Many people choose to send them through certified mail, Newman said.
"They want to make sure they get there," she said.
In a departure from past practice, the last pick up at the drop box in front of the Houghton post office will be at 5 p.m. tonight, not midnight.
For those fortunate enough to get refunds, you can choose to have the refund deposited directly into your bank account. Direct deposit is faster than a paper check; direct depositing while filing online is faster still.
Through April 3, the IRS had received more than 92 million returns, down 4.7 percent from last year. Of those, about 71 million - nearly 77 percent - were filed electronically, an increase of 5.1 percent.
Also, 18.7 percent more people had self-prepared their e-filing.
If you haven't finished your form, there's still time to file online for a six-month extension by filing Form 4868 at irs.gov.
The IRS estimates it will receive 10 million extension requests this year, up from 9.5 million last year. Of those, about 1.9 million are projected to be filed via the Internet.
Even if filing later, people are expected to pay any money owed by today.
Payments can be made online, through the Electronic Federal Tax Payment System or by phone with a credit or debit card.
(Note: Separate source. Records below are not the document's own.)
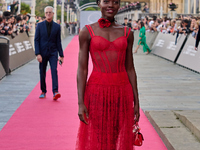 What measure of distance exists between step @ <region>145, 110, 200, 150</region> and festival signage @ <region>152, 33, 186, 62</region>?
10049mm

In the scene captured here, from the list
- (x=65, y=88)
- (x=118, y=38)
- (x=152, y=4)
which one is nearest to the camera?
(x=118, y=38)

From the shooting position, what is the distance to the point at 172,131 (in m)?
5.72

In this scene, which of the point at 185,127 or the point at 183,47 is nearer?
the point at 185,127

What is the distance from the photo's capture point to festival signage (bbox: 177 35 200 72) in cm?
1374

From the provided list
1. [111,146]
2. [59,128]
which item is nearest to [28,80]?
[59,128]

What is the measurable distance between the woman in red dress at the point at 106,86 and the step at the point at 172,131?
5.84 feet

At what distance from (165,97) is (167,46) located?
10508mm

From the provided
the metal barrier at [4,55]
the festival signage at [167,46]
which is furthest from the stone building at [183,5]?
the metal barrier at [4,55]

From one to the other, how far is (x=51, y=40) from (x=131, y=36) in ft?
17.6

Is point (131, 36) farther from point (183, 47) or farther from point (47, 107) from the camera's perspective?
point (183, 47)

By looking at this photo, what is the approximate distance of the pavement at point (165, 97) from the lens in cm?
557

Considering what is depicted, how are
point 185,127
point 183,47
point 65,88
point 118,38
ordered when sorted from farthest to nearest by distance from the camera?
point 183,47 < point 65,88 < point 185,127 < point 118,38

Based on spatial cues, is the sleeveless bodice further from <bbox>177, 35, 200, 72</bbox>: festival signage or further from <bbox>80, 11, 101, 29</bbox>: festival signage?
<bbox>80, 11, 101, 29</bbox>: festival signage

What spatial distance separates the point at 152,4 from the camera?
55.6m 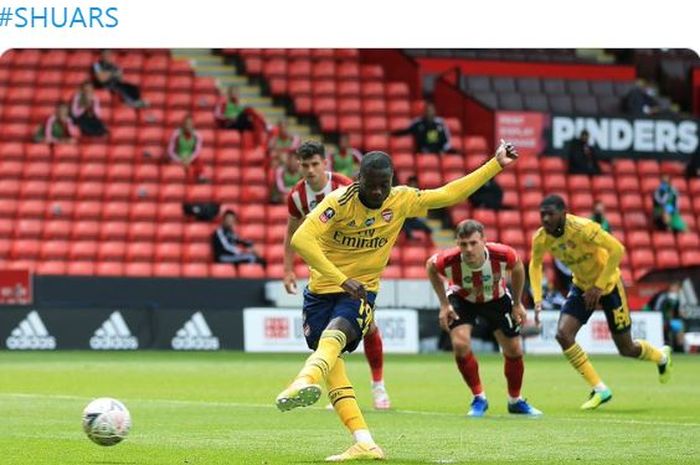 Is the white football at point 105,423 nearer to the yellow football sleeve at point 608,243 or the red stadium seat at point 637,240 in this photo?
the yellow football sleeve at point 608,243

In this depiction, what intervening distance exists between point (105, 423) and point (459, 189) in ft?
9.05

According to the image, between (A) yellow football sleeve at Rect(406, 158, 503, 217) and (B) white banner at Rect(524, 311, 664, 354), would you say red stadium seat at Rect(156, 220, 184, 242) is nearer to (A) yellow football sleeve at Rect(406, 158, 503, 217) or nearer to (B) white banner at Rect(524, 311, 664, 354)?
(B) white banner at Rect(524, 311, 664, 354)

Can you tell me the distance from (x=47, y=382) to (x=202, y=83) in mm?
16166

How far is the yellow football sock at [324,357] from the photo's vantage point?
9859 millimetres

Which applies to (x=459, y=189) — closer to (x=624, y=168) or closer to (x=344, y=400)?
(x=344, y=400)

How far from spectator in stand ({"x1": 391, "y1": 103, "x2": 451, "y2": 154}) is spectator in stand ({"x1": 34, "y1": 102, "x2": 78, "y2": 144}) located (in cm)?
676

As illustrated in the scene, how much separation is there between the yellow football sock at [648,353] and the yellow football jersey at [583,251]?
0.93 meters

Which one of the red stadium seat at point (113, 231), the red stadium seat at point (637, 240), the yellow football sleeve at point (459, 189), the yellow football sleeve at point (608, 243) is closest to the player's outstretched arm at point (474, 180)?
the yellow football sleeve at point (459, 189)

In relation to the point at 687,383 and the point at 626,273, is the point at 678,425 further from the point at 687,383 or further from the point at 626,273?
the point at 626,273

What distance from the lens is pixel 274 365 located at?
78.2ft

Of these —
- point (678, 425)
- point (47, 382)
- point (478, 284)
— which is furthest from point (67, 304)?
point (678, 425)

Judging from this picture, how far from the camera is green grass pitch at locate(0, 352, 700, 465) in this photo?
10.8 meters

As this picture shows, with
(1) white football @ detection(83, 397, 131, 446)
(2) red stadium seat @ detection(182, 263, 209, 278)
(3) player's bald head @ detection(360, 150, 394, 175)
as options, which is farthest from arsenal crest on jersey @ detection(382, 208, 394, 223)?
(2) red stadium seat @ detection(182, 263, 209, 278)

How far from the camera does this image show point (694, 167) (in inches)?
1443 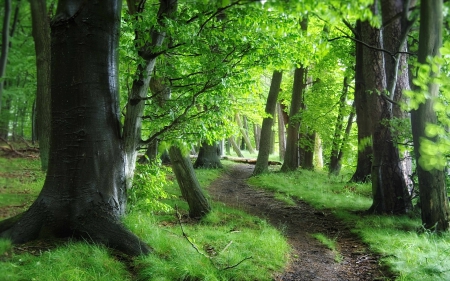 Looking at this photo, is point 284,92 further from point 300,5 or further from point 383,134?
point 300,5

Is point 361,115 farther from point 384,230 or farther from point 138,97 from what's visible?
point 138,97

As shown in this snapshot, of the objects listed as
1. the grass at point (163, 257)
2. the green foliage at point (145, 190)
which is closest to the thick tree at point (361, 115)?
the grass at point (163, 257)

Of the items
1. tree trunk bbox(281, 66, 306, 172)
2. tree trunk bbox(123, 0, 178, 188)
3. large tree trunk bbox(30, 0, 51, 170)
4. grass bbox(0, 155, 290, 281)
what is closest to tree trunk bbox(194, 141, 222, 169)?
tree trunk bbox(281, 66, 306, 172)

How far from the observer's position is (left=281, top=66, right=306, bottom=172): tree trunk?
575 inches

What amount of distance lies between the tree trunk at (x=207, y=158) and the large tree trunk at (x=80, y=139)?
11678mm

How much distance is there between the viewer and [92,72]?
406 centimetres

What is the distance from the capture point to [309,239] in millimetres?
6297

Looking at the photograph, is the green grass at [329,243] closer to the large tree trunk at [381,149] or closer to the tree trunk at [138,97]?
the large tree trunk at [381,149]

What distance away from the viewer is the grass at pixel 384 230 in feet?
14.1

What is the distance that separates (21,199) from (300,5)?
521 centimetres

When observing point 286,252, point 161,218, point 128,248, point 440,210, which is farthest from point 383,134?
point 128,248

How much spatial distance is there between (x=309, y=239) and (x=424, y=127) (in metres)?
2.64

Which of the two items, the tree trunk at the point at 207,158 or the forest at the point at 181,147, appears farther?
the tree trunk at the point at 207,158

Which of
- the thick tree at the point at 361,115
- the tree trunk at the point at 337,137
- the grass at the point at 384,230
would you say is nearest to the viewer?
the grass at the point at 384,230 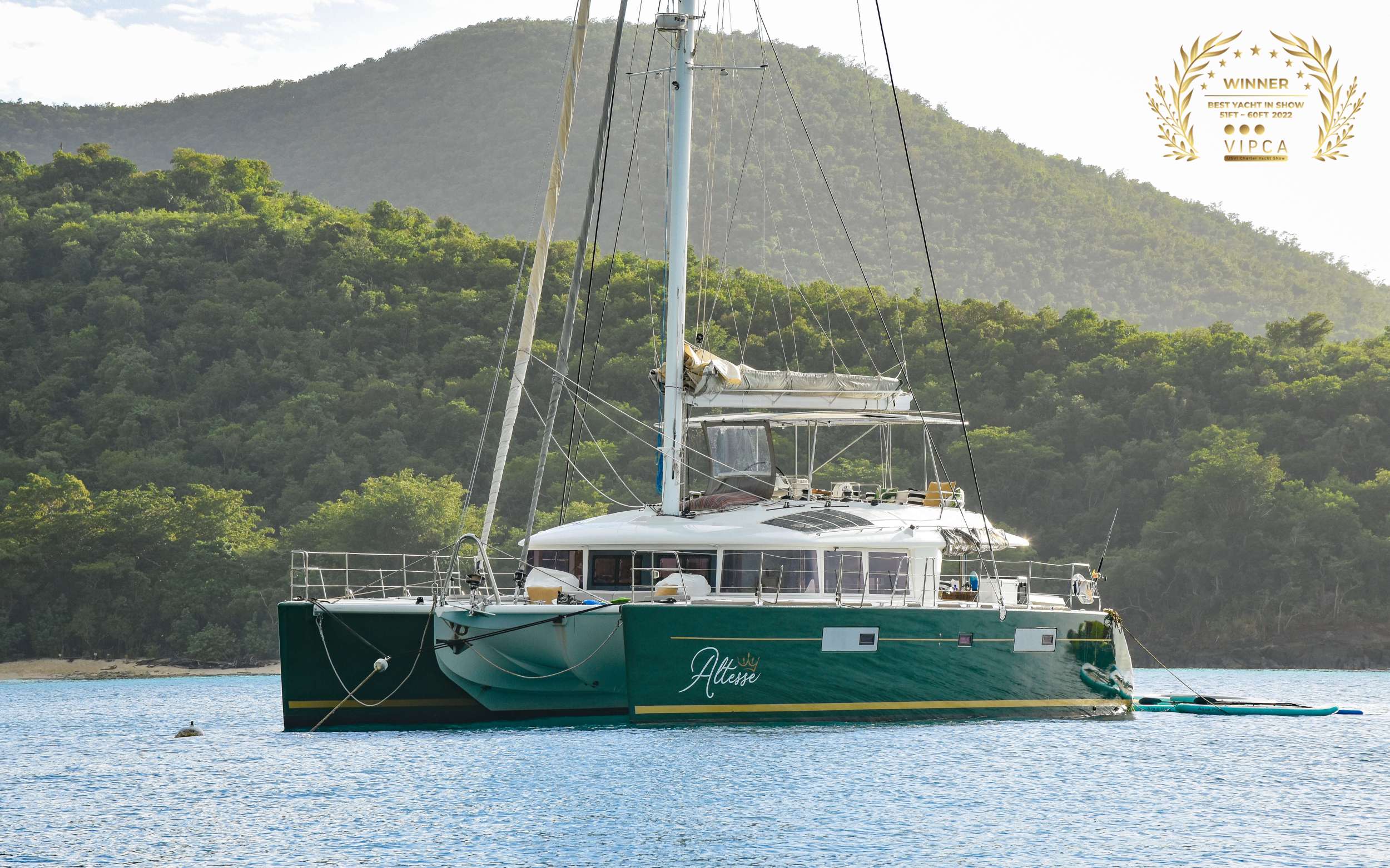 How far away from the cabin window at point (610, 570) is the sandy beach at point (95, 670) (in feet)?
97.8

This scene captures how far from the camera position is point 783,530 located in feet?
69.8

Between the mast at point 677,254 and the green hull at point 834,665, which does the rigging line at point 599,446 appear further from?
the green hull at point 834,665

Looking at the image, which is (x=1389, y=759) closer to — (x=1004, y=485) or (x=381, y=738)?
(x=381, y=738)

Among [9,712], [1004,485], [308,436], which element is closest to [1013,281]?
[1004,485]

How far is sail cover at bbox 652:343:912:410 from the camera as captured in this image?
73.8 feet

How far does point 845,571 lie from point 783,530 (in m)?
1.08

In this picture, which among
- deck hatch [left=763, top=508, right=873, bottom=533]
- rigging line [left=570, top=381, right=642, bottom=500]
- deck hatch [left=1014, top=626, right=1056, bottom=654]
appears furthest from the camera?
rigging line [left=570, top=381, right=642, bottom=500]

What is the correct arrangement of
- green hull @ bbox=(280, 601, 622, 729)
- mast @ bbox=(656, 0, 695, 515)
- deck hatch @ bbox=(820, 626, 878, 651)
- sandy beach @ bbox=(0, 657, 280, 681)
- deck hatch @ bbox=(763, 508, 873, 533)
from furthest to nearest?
sandy beach @ bbox=(0, 657, 280, 681), mast @ bbox=(656, 0, 695, 515), deck hatch @ bbox=(763, 508, 873, 533), green hull @ bbox=(280, 601, 622, 729), deck hatch @ bbox=(820, 626, 878, 651)

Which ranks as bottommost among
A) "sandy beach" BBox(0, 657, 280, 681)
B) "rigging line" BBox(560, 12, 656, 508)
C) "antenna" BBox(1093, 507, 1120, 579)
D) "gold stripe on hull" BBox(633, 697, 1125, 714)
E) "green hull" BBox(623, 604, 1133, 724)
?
"sandy beach" BBox(0, 657, 280, 681)

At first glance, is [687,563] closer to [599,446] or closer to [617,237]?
[617,237]

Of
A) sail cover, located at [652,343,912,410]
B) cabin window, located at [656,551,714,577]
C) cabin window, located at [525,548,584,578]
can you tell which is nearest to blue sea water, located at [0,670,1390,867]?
cabin window, located at [656,551,714,577]

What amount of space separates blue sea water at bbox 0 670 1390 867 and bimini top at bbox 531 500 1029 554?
266 cm

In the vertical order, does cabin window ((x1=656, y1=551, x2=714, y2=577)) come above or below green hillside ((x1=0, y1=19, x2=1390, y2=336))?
below

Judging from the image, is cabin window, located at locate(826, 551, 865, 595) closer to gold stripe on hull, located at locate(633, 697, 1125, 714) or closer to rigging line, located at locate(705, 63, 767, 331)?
gold stripe on hull, located at locate(633, 697, 1125, 714) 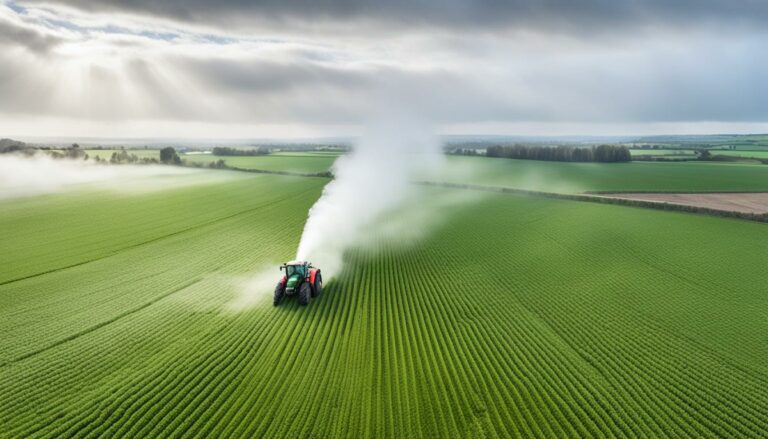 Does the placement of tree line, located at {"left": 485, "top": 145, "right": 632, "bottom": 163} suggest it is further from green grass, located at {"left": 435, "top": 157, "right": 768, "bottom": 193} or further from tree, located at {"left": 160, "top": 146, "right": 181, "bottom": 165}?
tree, located at {"left": 160, "top": 146, "right": 181, "bottom": 165}

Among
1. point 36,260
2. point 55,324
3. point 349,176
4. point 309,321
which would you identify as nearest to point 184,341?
point 309,321

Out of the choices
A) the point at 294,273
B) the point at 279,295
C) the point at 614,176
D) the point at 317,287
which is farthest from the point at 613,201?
the point at 279,295

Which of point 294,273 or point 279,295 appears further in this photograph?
point 294,273

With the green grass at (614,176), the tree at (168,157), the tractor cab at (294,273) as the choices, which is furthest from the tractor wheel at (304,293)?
the tree at (168,157)

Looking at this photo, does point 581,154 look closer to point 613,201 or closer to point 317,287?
point 613,201

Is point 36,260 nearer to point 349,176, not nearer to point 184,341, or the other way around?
point 184,341

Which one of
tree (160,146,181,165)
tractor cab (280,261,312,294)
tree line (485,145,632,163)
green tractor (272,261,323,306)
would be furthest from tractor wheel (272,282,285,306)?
tree (160,146,181,165)

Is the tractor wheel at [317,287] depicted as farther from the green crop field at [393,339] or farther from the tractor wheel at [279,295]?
the tractor wheel at [279,295] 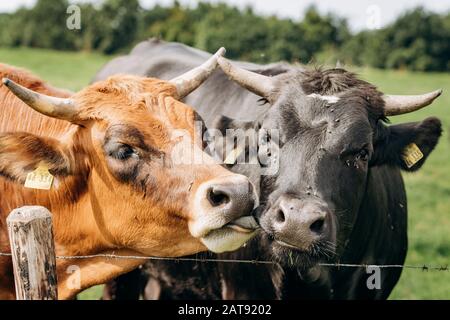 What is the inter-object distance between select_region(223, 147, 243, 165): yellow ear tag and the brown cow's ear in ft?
4.67

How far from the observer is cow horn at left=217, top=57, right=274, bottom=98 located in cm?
539

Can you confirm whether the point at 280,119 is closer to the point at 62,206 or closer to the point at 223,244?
the point at 223,244

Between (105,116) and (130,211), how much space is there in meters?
0.64

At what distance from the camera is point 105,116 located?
4.38 meters

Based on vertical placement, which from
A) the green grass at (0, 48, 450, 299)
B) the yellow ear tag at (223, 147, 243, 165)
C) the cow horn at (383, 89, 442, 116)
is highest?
the cow horn at (383, 89, 442, 116)

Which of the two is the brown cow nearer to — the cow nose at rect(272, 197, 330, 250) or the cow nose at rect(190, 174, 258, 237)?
the cow nose at rect(190, 174, 258, 237)

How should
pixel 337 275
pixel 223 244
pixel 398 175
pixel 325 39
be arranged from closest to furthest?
1. pixel 223 244
2. pixel 337 275
3. pixel 398 175
4. pixel 325 39

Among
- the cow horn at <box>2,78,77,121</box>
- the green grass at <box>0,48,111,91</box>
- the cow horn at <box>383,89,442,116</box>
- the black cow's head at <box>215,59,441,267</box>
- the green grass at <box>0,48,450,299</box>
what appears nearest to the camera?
the cow horn at <box>2,78,77,121</box>

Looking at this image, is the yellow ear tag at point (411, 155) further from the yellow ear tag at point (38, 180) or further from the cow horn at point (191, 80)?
the yellow ear tag at point (38, 180)

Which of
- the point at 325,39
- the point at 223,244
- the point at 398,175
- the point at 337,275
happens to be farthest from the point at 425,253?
the point at 325,39

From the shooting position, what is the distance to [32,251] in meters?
3.51

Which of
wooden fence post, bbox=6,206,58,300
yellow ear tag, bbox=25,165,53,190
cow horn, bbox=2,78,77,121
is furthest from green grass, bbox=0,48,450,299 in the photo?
wooden fence post, bbox=6,206,58,300

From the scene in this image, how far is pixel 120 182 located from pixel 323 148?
140 centimetres

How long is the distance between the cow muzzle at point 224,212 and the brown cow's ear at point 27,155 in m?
1.01
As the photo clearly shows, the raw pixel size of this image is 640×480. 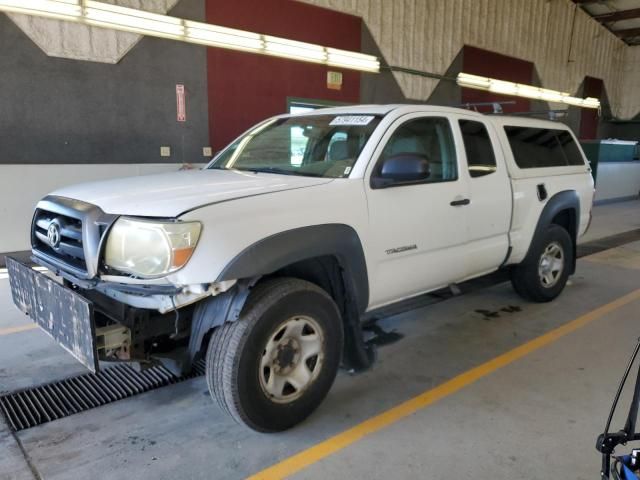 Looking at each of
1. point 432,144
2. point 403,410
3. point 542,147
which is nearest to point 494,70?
point 542,147

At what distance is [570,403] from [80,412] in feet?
9.86

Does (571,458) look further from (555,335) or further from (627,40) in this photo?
(627,40)

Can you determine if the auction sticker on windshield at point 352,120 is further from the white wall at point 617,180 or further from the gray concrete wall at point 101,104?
the white wall at point 617,180

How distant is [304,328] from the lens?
279 cm

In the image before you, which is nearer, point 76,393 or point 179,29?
point 76,393

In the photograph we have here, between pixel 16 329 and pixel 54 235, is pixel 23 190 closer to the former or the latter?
pixel 16 329

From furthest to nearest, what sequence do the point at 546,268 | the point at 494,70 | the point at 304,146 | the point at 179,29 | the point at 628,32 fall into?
1. the point at 628,32
2. the point at 494,70
3. the point at 179,29
4. the point at 546,268
5. the point at 304,146

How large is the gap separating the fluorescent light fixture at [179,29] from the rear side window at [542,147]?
229 inches

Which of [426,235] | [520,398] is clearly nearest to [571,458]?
[520,398]

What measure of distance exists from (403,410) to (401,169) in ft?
4.76

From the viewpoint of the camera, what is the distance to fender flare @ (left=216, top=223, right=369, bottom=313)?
2410mm

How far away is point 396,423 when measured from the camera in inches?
114

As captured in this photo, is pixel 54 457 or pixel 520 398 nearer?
pixel 54 457

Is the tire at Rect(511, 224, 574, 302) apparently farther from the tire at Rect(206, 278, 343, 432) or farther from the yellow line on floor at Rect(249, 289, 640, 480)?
the tire at Rect(206, 278, 343, 432)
To arrange a monthly installment plan, people who owe $25,000 or less can apply electronically or attach Form 9465 to the front of their tax return. Taxpayers must include a proposed payment plan, including dates for withdrawal of money. There is a $105 charge for setting up the agreement, which drops to $52 for payments taken straight from the taxpayer's checking bank account; for qualified lower-income taxpayers, that amount is reduced to $43.
There are interest fees plus a late payment penalty on unpaid taxes for each month or part of a month after the due date. Returned not filed by the due date, including extensions, may incur a failure-to-file penalty.
Today's deadline for filing and paying does not apply to military personnel serving in combat zones and victims of recent floods and tornadoes in Minnesota, North Dakota and Oklahoma.